▶ _Your objective_: Write out the material below again, line for line, without any images.

▶ _Data extract_:
=== Begin Enclosure ===

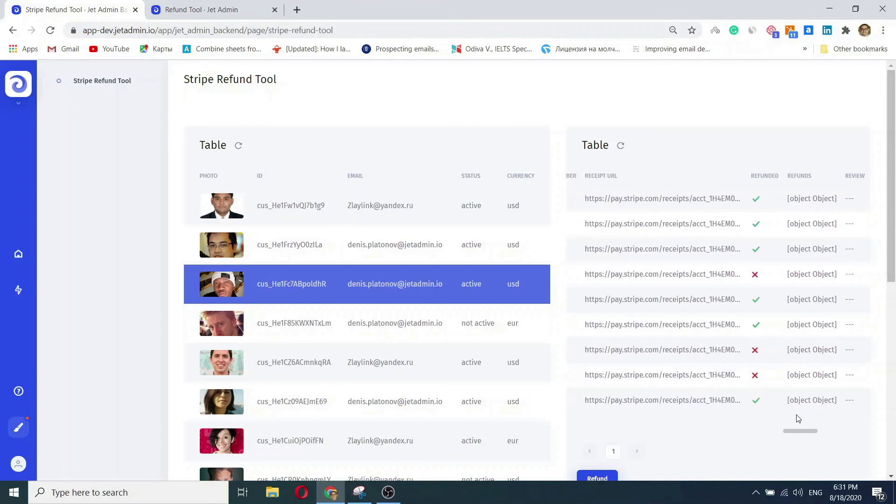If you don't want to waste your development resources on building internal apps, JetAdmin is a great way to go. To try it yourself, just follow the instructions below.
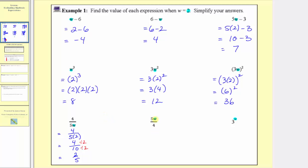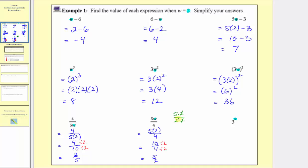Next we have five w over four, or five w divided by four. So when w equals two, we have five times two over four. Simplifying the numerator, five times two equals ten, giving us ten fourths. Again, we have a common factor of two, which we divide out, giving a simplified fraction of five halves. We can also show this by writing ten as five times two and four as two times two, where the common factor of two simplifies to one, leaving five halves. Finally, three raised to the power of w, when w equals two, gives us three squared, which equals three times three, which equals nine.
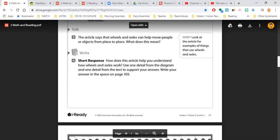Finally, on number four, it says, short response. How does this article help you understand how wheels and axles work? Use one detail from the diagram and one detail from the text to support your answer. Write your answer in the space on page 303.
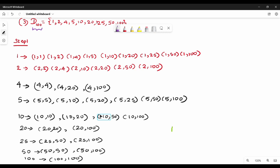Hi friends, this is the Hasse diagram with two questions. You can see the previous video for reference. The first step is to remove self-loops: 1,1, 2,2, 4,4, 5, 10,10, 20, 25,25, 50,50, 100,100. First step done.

=== End Enclosure ===

▶ _Completed exercise_:
If you don't want to waste your development resources on building internal apps, JetAdmin is a great way to go. To try it yourself, just follow the instructions below.
Next we have five w over four, or five w divided by four. So when w equals two, we have five times two over four. Simplifying the numerator, five times two equals ten, giving us ten fourths. Again, we have a common factor of two, which we divide out, giving a simplified fraction of five halves. We can also show this by writing ten as five times two and four as two times two, where the common factor of two simplifies to one, leaving five halves. Finally, three raised to the power of w, when w equals two, gives us three squared, which equals three times three, which equals nine.
Finally, on number four, it says, short response. How does this article help you understand how wheels and axles work? Use one detail from the diagram and one detail from the text to support your answer. Write your answer in the space on page 303.
Hi friends, this is the Hasse diagram with two questions. You can see the previous video for reference. The first step is to remove self-loops: 1,1, 2,2, 4,4, 5, 10,10, 20, 25,25, 50,50, 100,100. First step done.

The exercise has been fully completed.